謎の声
いつも心が空っぽのようにどこか寂しいような気がする…。一つのピースが欠けていて心のパズルが埋まってないような感じだ。
しかし、その欠片は…もう取り戻すことの出来ないところに行ってしまった。どれだけの時が過ぎようと忘れることはない。僕の「大切な人」の欠片だから…。
昔…僕が高校生の頃、ある一人の先輩がいた。その人が僕の恋人で「大切な人」の「涼月柚璃」先輩だ。名前の通り、柚(オレンジ色)のユリ(花言葉は華麗)のように美しく、璃(宝石)のようにいつも輝いている人だった。
成績優秀で運動神経抜群、そんな彼女は友達も多かった。僕とはかけ離れていて、そんな先輩を僕は憧れていた。
しかし、柚璃先輩は…ある日交通事故でなくなった。それも、僕の目の前で…。当時、先輩と付き合っていた僕には、底知れぬ絶望と悲しみのなかに突き落とされたような気分だった。

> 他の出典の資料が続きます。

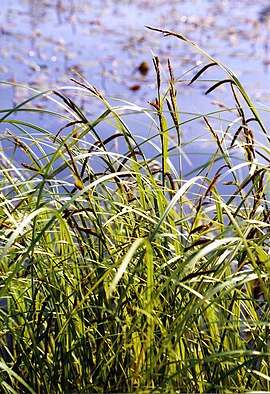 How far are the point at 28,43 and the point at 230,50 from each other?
5.82ft

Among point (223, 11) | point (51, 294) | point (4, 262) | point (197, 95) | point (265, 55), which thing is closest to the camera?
point (51, 294)

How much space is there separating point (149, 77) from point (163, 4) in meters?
2.51

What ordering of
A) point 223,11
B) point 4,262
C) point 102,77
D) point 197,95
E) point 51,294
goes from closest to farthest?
point 51,294, point 4,262, point 197,95, point 102,77, point 223,11

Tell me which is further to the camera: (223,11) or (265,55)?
(223,11)

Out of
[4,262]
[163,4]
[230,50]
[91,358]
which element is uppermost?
[163,4]

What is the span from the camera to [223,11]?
25.4 feet

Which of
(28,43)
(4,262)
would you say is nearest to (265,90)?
(28,43)

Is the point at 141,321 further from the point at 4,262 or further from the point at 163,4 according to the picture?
the point at 163,4

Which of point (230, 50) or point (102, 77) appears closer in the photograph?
point (102, 77)

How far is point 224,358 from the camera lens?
138 cm

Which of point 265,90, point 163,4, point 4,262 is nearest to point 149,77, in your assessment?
point 265,90

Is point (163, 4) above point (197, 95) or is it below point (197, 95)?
above

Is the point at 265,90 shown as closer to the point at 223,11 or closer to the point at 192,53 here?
the point at 192,53

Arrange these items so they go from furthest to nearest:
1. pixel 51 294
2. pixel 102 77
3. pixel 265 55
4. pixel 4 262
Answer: pixel 265 55, pixel 102 77, pixel 4 262, pixel 51 294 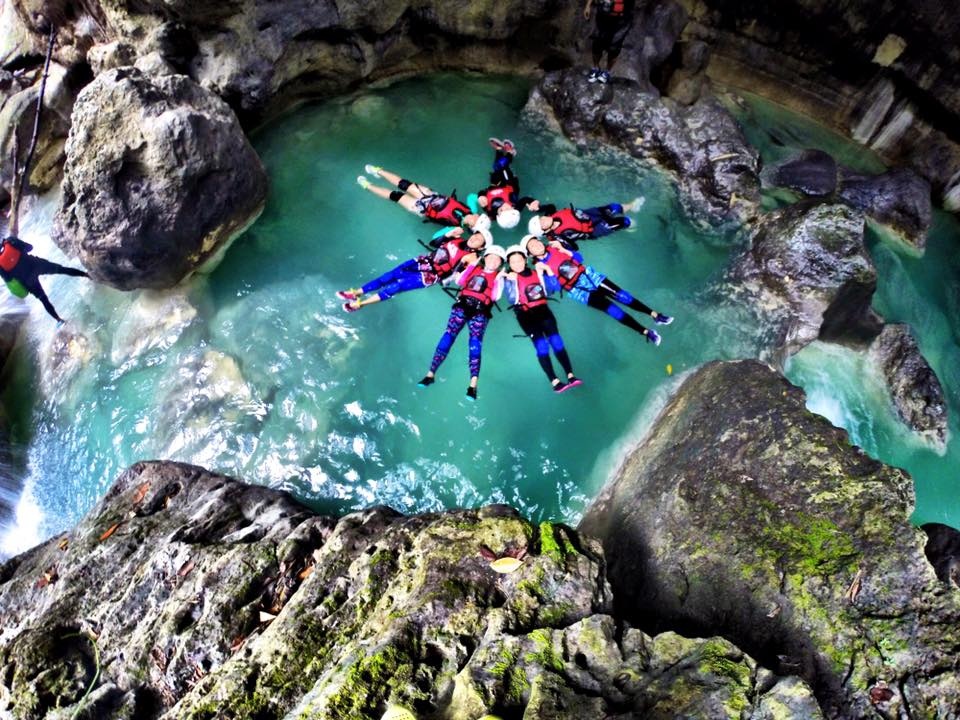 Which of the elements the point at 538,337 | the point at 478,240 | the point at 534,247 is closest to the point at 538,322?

それからずっと、僕は先輩がいなくなった悲しみや寂しさ寂しさとすぐそばにいて助けられなかった悔しさ抱いて生きてきた。五十年は過ぎた今でもずっと…。
僕は布団に入り、
「もし、僕の願いを叶えてくれるなら神様でも誰でもいい。あなたを失ってしまう前の世界へ戻してください…。」
叶うはずのない望みだと知っていながら、それでも僕はまた先輩に会えると思って、…いや、思いたかった。そんな無駄な期待が叶えば、そう願って僕は眠りに落ちた。
???「君は、…過去に戻りたいといったね。ならば、君の願いを叶えてあげよう。最初で最後の夢を君に見せてあげることにしよう。」
眩しい。いつにもまして煌めいている太陽の光が窓から差し込んでいる。朝だ。また、いつもと変わらない一日を過ごすことになると思うとため息が出てしまう。しぶしぶ、僕は暖かい布団の中から出た。
それから、僕はいつも通り顔を洗って朝ごはんを食べ…ようとしたが、何ということでしょう。年老いて老けていた顔が若返って超美男子になっているではないか!
しかし、この顔どこか見覚えがある…。思い出した!僕が高校生の頃の自分の顔だ。最初、何かの間違いだろうと思った僕は、何度も確かめた。だが、間違いではなかった。僕はなぜこうなったのか、色々考えてみたが僕には分からなかった。
「そういえば、寝ているときに夢の中で誰かに話しかけられたような…。」
その時、プルルルと音がなった。電話だ。こんな時間に電話なんて誰だろうと思いつつ、僕は電話に出た。